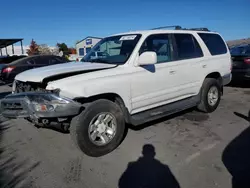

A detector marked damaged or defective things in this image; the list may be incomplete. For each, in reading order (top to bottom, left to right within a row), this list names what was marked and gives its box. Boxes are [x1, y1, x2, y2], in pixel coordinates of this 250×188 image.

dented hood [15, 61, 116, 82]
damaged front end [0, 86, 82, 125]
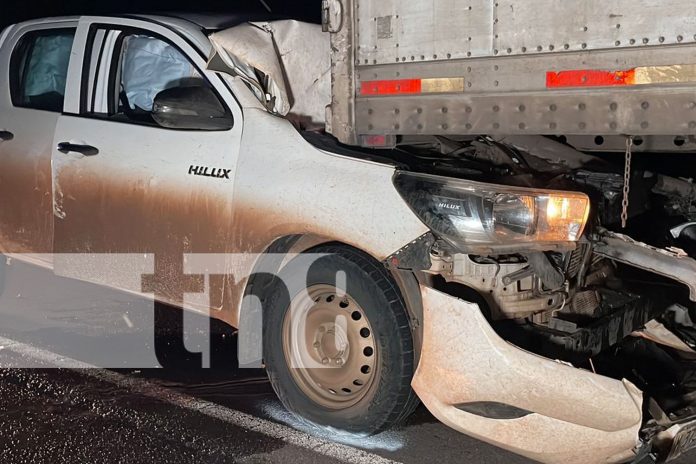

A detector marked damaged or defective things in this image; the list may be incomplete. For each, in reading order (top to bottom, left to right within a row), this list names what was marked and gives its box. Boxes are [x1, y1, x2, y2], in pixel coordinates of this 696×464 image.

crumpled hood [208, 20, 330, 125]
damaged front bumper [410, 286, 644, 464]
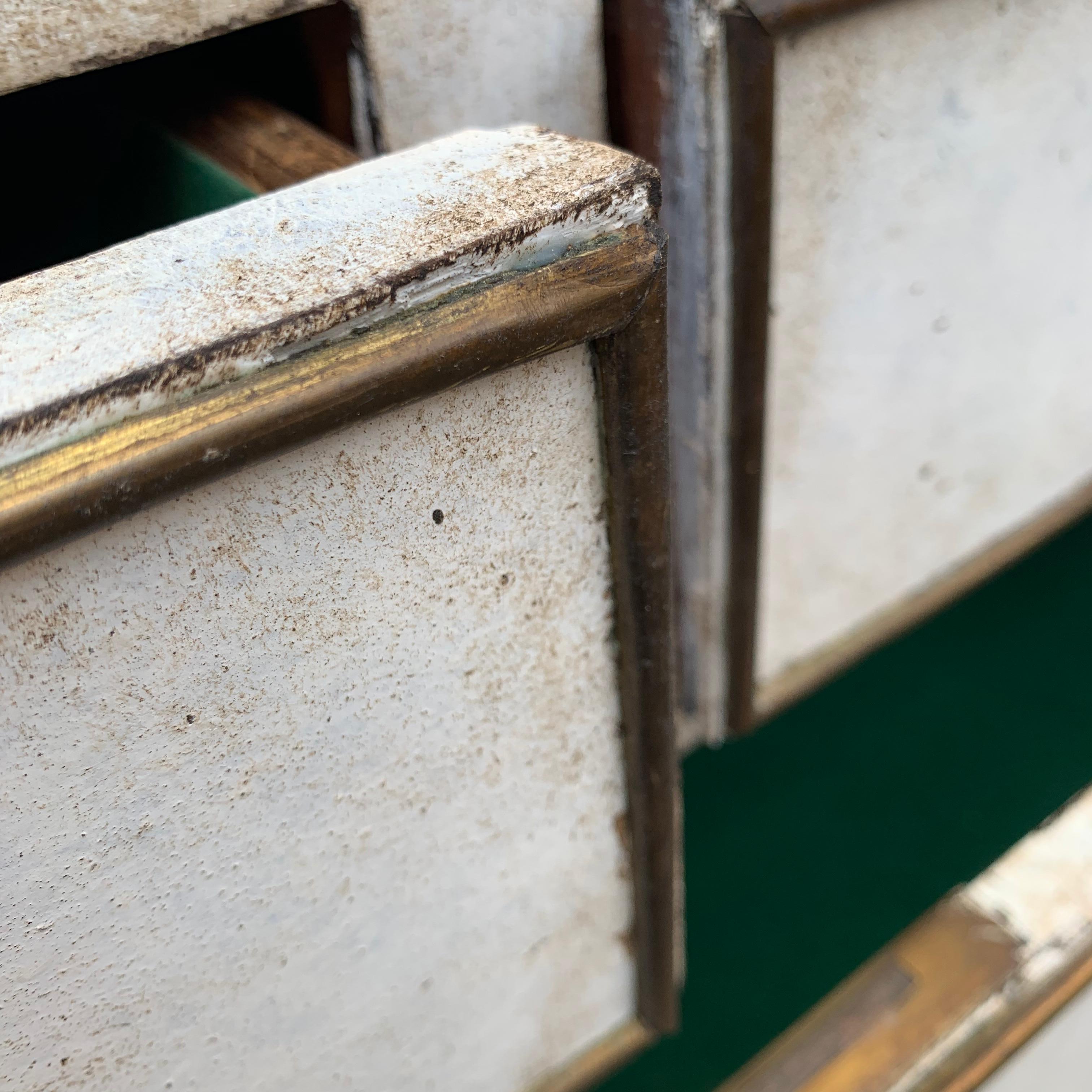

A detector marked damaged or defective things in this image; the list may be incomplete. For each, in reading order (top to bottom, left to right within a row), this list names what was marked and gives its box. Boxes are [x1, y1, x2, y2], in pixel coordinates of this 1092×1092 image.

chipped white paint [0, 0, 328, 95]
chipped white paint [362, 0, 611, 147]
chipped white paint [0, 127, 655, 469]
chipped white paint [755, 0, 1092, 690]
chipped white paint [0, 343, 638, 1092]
§ §
— Aim of the exercise —
Pictures are to be left out; otherwise, copy exactly each line from the one containing "this 696×464 image." through the last line of the listing.

— Response area —
A detector marked damaged or defective things in this image; the list may be incomplete. For each, in reading order (top to bottom, left to right within a row), this list names what was marked and gives its box. Boxes are [x1, y1, x2, y2], in pixel coordinates of this 696×464 image.

crumpled hood [208, 20, 330, 125]
damaged front bumper [410, 286, 644, 464]

A detector marked damaged or defective things in this image; the list may be incomplete. For each, in reading order (top to bottom, left to right within a row), this list names what was marked and gives its box. Boxes are [x1, y1, x2, y2], in pixel coordinates of this 1092×1092 image.

chipped white paint [0, 0, 328, 95]
chipped white paint [362, 0, 611, 147]
chipped white paint [0, 127, 655, 469]
chipped white paint [755, 0, 1092, 690]
chipped white paint [0, 343, 638, 1092]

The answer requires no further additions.